Tuttavia anche le piattaforme possono avere una indubbia utilità come abbiamo capito in questo periodo di lockdown prolungato imposto dalla perdurante pandemia mondiale. Uno dei meriti dei canali streaming è stato quello di aver messo in rete migliaia di film del passato molti dei quali di difficile reperibilità per i non addetti ai lavori, tra cui alcuni titoli del cinema muto che abbiamo potuto finalmente vedere dopo averne soltanto letto su libri specializzati dedicati alla settima arte.

Parliamo, ad esempio, de Il castello di Vogelod, uno dei primi film di Murnau del 1921(ora disponibile su Movieplayer) che anticipa stile e ambienti del successivo Nosferatu dove spicca per potenza evocativa la scena dell’incubo del protagonista che sogna una paurosa mano artigliata che entra nottetempo dalla finestra della camera da letto dove egli è immerso in un sonno inquieto. 
Un’ampia offerta streaming riguarda anche titoli famosi del sonoro tra cui lo psicomagico e alchemico La montagna sacra di Jodorowsky del 1973 e quel corto in bianco e nero di sci-fi esistenziale La jetèe girato nel 1963 da Chris Marker che avrebbe ispirato in seguito il Gilliam di L’esercito delle dodici scimmie, ai quali vanno aggiunti anche un capolavoro come Persona di Bergman e tante opere della nouvelle vague tra cui alcune di Truffaut e di Rohmer (tutti disponibili su MUBI).


Un altro merito non secondario delle piattaforme è quello di offrire a tutti film nuovi di genere sperimentale o documentari provenienti da tutti i paesi del mondo che creano una rete interculturale di testimonianze storiche e antropologiche di grande valore conoscitivo.

Di questo cinema espanso un titolo memorabile è senza dubbio The act of killing realizzato nel 2012 da Joshua Oppenheimer.
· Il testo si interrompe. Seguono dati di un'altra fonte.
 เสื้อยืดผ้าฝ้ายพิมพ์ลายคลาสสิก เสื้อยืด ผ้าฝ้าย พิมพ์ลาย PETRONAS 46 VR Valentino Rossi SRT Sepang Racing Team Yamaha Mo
Il film (visibile sul sito iwonderfull.it) registra con occhio distaccato le confessioni di un membro degli squadroni della morte attivi dopo il colpo di stato del 1965 in Indonesia con l’incarico di sterminare i comunisti e ricostruisce gli omicidi compiuti dal crudele malavitoso Anwar Congo sotto la direzione scenica di quest’ultimo sempre in bilico tra pentimento e compiacimento, tra orrore e delirio in un esempio di cinema-verità dove il regista Oppenheimer sollecita e provoca le reazioni del criminale Anwar in momenti di vero cinema della crudeltà fisica e psicologica.

Sempre sul versante del confronto tra culture una vera sorpresa è rappresentata da Ethos, una serie turca creata da Berkun Oya (distribuita da Netflix) sul percorso di una giovane donna musulmana in cura presso una psichiatra sullo sfondo di una Istanbul divisa tra modernità e tradizione dove la vicenda sembra filmata da un Antonioni che ha letto Jung.
Questi citati sono soltanto alcuni dei film che abbiamo dovuto vedere o rivedere da remoto in attesa di poterli ritrovare presto sul grande schermo di una sala con modalità umana più fisica e meno fantasmatica.